WHAT IS NEEDED: Below are some records; output exactly the lines from the line with "Subaru STI Black" to the line with "Star Wars The", both ends kept, and nothing more.

Top of PROVIDED INFORMATION

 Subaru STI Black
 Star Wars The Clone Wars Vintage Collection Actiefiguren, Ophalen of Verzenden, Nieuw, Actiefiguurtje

Bottom of PROVIDED INFORMATION
Top of PROVIDED INFORMATION

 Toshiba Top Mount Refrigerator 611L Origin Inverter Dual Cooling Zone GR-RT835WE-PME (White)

Bottom of PROVIDED INFORMATION
Top of PROVIDED INFORMATION

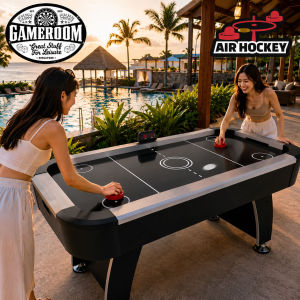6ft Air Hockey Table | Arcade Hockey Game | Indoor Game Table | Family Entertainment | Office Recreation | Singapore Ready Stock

Bottom of PROVIDED INFORMATION

RESPONSE TO THE EXERCISE:
 Subaru STI Black
 Star Wars The Clone Wars Vintage Collection Actiefiguren, Ophalen of Verzenden, Nieuw, Actiefiguurtje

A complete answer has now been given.